「ねぇ、晋也。今日から部活休みだよね?」

「あぁ。今日から試験休み。やだなぁ試験なんて、、、」

「今日も晋也の家行ってもいい?勉強教えてあげるから。」

「ホントかよ。ありがと〜。将大好き!」

笑いながらそんな話をする。笑いながらそんな話ができる。それがこの上なく幸せだった。
そんな事が出来るようになったのは君のおかげだから。

僕の大切な人、塩田晋也。

僕なんかを好きって言ってくれて、護ってくれるって約束してくれたんだ。

いつもは晋也が部活で遅くなるから一緒には帰ることはできないけど、今度ある期末試験のおかげで部活は休みになっていた。

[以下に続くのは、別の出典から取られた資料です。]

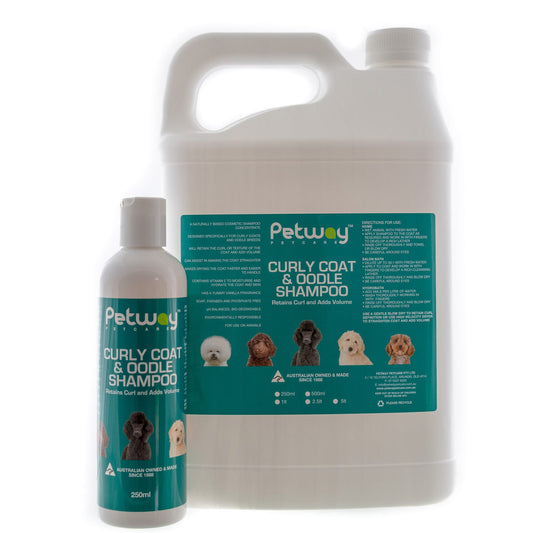 Petway Curly Coat & Oodle Shampoo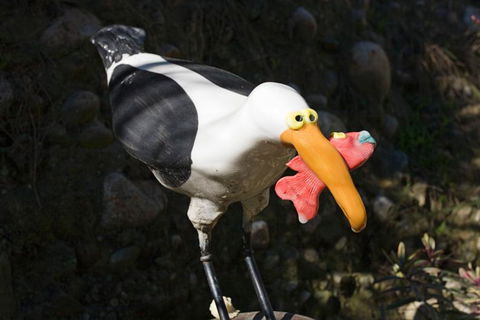 Captain's Cottage - Nelson Waterfront Character Cottage - Accommodation New Zealand 5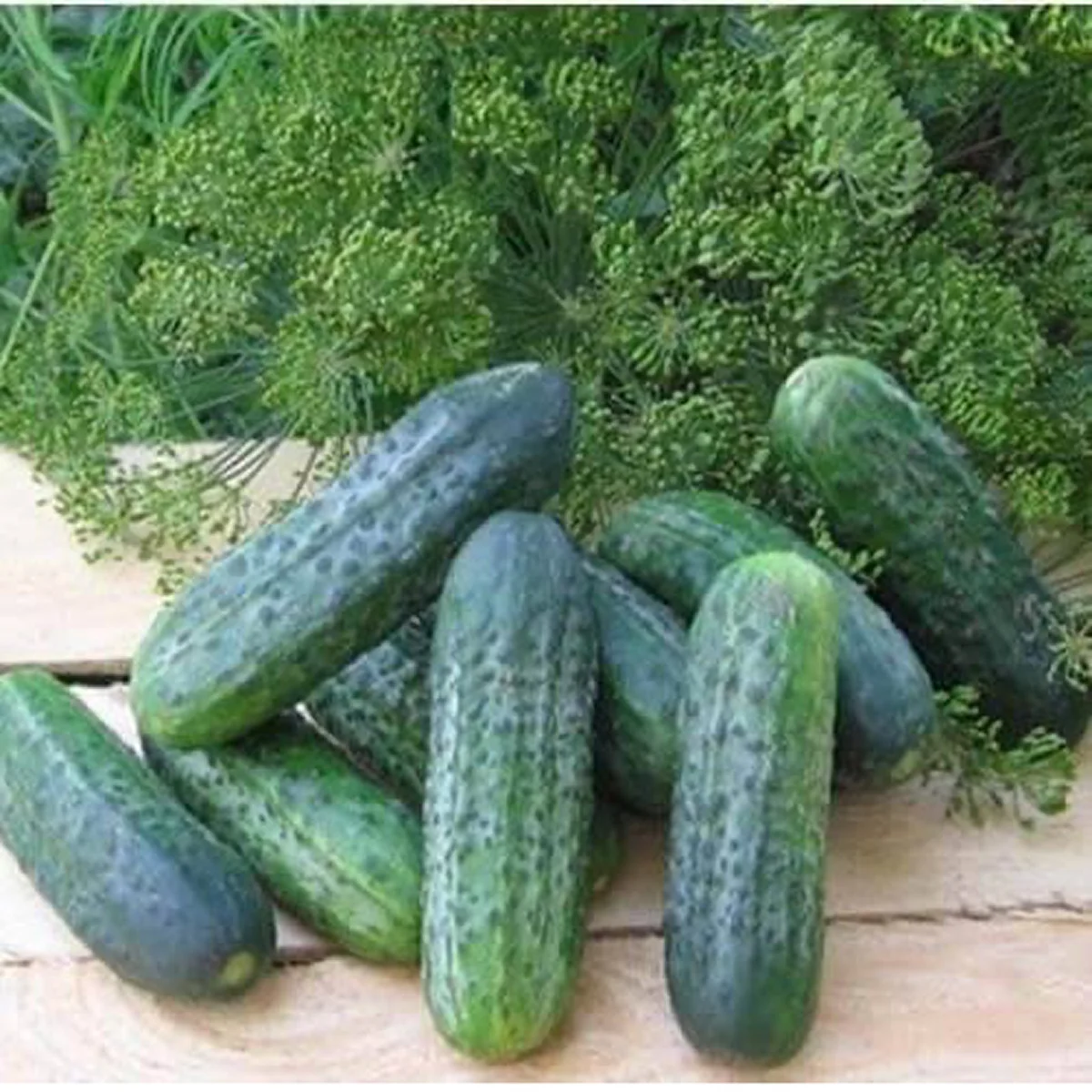 Огірок ‘Puccini F1’ (партенокарпічний)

晋也は嘆いていたけど、僕は嬉しかった。ただあの家に帰るのが嫌だったから、、、
晋也と一緒に居れてよかった。

話しながら晋也の家への道を歩く。通い慣れた道はいつもと変わらなくて西日が差している。
もう、何度来たか分からない晋也の家の玄関をくぐり、当たり前のように晋也の部屋に入る。

あのコルクボードには一枚の写真が増えていた。

僕と晋也で撮った写真、、、
僕の部屋にも同じ写真が飾られている。
写真立てなんて僕が持っている筈もなく晋也と一緒に選んだ写真立てにそれは入っている。

僕のたった一つの自身の存在を証明するもの、、、

「晋也はどこの高校行くんだっけ?」

「俺?俺は西高かな。」

「西高!?すごい頭いいとこじゃん!晋也そんなところ行けるの?」

「あぁ、多分な。剣道の推薦で行こうかなぁ、なんて思ってる。」

この時、迷っていた僕の進路も決定した。晋也と同じ高校に行くんだ。
それに、西高っていったら寮があって、あの家から離れることができるんだ。

そして晋也とも一緒に過ごせる。
こんなにいいことが有るのかというくらいうまくいく。

こう言うことを一石二鳥と言うんだと実感した。